Recent work by the Spatial History Project at Stanford University suggests that in some cases, crowd source platforms might even be better than academic studies in their ability to “ask questions that would be difficult or impossible to do in more traditional modes of inquiry.”

An innovative collaboration of linguists and community leaders in Bali, Indonesia is taking a step further by seeing if crowd-source platforms can influence social behavior in addition to developing viable resources.  The group, known as BASAbali, is developing a Balinese wiki that is part dictionary, part encyclopedia, and part platform for Balinese-related materials that do not yet have a digital home.  The wiki uses the strength of the Internet – which has the power to help and hinder the world’s 7000 local languages – to engage the public in valuing and using Balinese alongside of Indonesian, English, Chinese and other international languages.

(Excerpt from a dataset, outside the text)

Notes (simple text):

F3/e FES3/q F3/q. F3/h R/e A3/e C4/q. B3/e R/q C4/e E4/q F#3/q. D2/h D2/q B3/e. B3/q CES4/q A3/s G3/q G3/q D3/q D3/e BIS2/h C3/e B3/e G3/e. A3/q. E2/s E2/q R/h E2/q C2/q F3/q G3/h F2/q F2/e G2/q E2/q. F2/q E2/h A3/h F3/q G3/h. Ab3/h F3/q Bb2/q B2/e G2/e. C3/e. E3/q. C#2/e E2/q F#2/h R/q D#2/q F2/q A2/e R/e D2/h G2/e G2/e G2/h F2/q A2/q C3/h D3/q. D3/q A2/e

Linguist David Crystal suggests that languages can thrive if:  1) the people who speak the language want to save it – which means that the language has to be cool enough for young people to want to speak it, 2) there is “sympathy from on high” meaning that there is national if not international policies and resources support the use of the language and 3) there is the expertise to teach, write, and publish in the local language.

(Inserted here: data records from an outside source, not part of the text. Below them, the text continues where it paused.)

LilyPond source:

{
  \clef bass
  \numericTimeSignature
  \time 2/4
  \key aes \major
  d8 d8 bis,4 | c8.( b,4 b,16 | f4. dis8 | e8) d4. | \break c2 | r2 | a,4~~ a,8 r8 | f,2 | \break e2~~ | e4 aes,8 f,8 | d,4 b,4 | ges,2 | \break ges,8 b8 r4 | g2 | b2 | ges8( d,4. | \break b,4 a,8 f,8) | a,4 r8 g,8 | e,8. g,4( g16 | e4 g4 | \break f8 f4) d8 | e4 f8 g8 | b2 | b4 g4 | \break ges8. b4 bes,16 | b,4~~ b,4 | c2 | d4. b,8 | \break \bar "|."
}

BASAbali’s Balinese cultural wiki tries to engage the public in making sure that these three elements are present and strong enough to sustain the Balinese language against the pressure and allure to just use national and international languages in an increasingly digital and globalized world.

This collaboration, which just a few months ago was internationally recognized for its innovative work,  doesn’t measure success in terms of publications, documents archived or words entered in the wiki, although at 11,000 they have a pretty good start.  The collaboration keeps track of wiki users but they are more concerned about how the wiki can increase the number of Balinese language websites, crossword puzzles, cartoons, social media postings, newspaper articles, and modern literature.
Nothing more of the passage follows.